Setup the Airbyte service by visiting `your_server_ip:8000` and then follow the instructions.

## Adding a source

We are going to use [MySQL](https://www.mysql.com/) as our source where we will be extracting the orders from.

Via the Airbyte UI, click on the `Sources` tab and click on the `Add new source` button.

Fill in the following details:
- Name: `orders`
- Source type: `MySQL`
- Host: `your_server_ip`
- Port: `3306`
- Database: `shop`
- Username: `airbyte`
- Password: `password`
- Disable SSL
- Replication Method: `CDC`

Finally, click on the `Setup source` button.

## Adding a destination

Next, add a destination to Airbyte which will be used to send the events to.

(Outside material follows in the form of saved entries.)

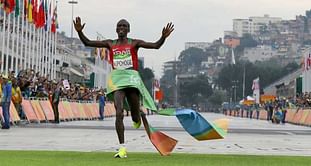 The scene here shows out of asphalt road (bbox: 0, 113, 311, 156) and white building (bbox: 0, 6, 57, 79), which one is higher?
white building (bbox: 0, 6, 57, 79)

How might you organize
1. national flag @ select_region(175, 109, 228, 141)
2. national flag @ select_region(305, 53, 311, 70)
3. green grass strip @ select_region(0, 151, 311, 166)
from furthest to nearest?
national flag @ select_region(305, 53, 311, 70)
national flag @ select_region(175, 109, 228, 141)
green grass strip @ select_region(0, 151, 311, 166)

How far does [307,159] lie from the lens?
11516 mm

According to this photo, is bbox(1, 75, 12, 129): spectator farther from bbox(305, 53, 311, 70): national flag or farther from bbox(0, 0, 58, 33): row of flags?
bbox(305, 53, 311, 70): national flag

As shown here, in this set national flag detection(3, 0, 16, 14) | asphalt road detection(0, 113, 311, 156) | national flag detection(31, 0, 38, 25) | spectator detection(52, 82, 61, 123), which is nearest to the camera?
asphalt road detection(0, 113, 311, 156)

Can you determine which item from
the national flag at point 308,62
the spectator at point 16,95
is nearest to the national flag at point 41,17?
the national flag at point 308,62

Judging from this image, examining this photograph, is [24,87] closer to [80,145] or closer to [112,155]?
[80,145]

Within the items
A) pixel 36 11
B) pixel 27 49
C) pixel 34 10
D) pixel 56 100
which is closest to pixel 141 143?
pixel 56 100

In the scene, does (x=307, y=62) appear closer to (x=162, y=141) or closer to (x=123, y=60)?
(x=162, y=141)

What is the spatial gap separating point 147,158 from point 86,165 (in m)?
1.72

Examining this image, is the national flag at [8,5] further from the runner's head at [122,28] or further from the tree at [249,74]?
the tree at [249,74]

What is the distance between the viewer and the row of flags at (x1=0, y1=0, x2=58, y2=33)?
43.9m

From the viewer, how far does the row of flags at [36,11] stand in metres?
43.9

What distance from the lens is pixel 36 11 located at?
177 ft

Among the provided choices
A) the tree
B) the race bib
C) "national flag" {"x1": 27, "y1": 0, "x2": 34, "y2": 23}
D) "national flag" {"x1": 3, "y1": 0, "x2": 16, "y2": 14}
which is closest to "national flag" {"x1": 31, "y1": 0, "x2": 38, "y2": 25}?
"national flag" {"x1": 27, "y1": 0, "x2": 34, "y2": 23} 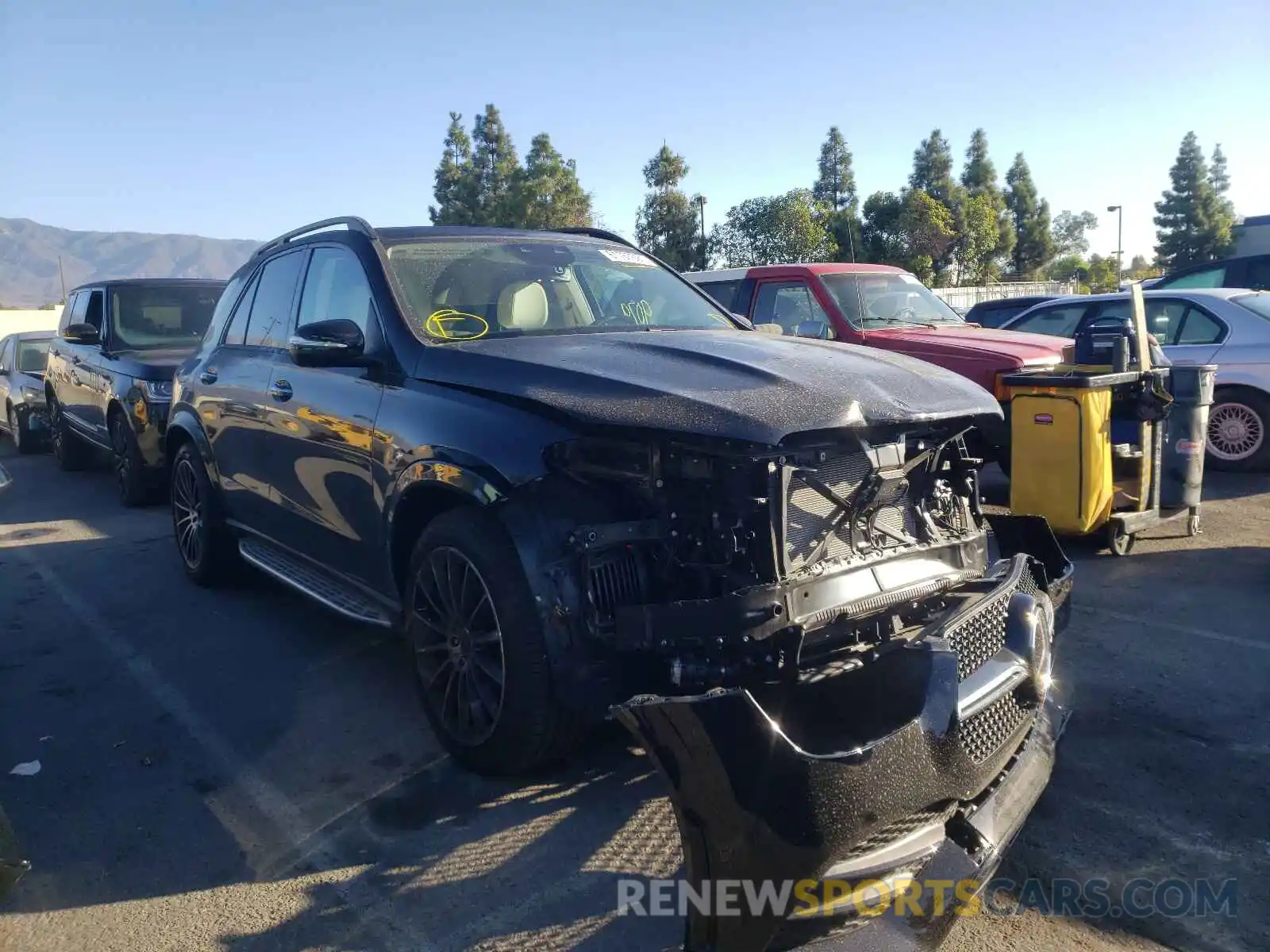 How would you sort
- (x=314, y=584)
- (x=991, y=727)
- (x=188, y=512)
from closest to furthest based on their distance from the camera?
(x=991, y=727), (x=314, y=584), (x=188, y=512)

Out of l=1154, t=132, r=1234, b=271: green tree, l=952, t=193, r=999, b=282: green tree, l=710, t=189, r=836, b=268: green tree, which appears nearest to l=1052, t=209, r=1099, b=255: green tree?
l=1154, t=132, r=1234, b=271: green tree

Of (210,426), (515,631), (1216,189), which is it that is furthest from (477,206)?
(1216,189)

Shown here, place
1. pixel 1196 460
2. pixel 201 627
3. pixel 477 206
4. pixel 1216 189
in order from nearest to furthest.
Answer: pixel 201 627 < pixel 1196 460 < pixel 477 206 < pixel 1216 189

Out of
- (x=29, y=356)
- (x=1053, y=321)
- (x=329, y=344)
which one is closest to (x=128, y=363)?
(x=329, y=344)

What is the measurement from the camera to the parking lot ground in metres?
2.74

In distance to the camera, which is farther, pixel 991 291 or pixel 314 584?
pixel 991 291

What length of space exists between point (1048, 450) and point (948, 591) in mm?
3291

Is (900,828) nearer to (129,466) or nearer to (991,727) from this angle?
(991,727)

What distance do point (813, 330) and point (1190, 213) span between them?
67.0m

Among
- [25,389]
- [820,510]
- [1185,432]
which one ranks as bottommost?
[1185,432]

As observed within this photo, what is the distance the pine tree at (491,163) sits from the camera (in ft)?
154

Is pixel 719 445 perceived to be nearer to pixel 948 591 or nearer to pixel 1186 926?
pixel 948 591

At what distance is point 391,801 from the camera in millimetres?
3422

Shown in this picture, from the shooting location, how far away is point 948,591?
3.15m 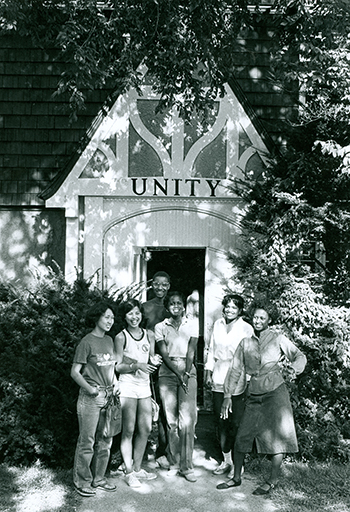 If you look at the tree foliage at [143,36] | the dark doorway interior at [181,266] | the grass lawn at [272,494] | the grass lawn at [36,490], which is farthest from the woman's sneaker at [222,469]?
the tree foliage at [143,36]

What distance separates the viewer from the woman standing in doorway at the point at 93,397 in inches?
218

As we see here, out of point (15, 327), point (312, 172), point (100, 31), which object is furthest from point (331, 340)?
point (100, 31)

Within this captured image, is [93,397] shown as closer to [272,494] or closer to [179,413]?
[179,413]

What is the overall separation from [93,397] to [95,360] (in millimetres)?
316

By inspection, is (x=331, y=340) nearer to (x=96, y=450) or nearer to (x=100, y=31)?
(x=96, y=450)

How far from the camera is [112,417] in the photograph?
223 inches

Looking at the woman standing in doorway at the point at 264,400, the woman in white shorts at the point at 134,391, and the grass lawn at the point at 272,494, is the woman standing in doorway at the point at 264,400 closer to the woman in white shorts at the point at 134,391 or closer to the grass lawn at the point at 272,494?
the grass lawn at the point at 272,494

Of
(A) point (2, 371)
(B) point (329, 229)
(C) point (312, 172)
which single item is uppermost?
(C) point (312, 172)

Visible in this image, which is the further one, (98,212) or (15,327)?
(98,212)

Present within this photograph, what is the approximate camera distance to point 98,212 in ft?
28.8

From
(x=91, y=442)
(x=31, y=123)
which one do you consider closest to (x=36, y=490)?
(x=91, y=442)

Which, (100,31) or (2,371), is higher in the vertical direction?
(100,31)

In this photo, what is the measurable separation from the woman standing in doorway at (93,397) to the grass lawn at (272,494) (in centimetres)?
22

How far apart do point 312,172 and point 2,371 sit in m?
4.01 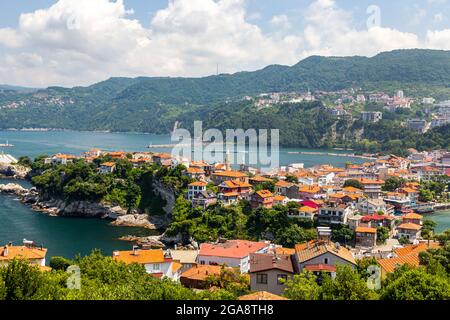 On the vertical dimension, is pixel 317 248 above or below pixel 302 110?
below

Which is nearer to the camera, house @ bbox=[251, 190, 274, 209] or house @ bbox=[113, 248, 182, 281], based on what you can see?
house @ bbox=[113, 248, 182, 281]

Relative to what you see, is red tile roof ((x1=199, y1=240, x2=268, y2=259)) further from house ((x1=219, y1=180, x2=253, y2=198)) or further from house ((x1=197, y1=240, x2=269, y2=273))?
house ((x1=219, y1=180, x2=253, y2=198))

For this demo, we are going to use Redpanda but it will work just fine with Kafka.

Start by clicking on the `Destinations` tab and click on the `Add new destination` button and fill in the following details:

- Name: `redpanda`
- Destination type: `Kafka`

Next, fill up all of the required fields and click on the `Setup destination` button.

Depending on your needs you might want to change some of the settings, but for this demo, we are going to use the defaults.

The important things to note down for this demo are:

- The `Topic` is `orders`
- The `Bootstrap Servers` is `redpanda:9092`

Finally, click on the `Save` button.

## Set up a connection

Now that you have a source and a destination, you need to set up a connection between them. This is needed so that Airbyte can send the events from the source to the destination based on a specific schedule like every day, every hour, every 5 minutes, etc.

For this demo, we are going to use a 5-minute schedule. Hopefully, in the future, Airbyte will allow you to customize this and reduce the schedule to 1 minute for example.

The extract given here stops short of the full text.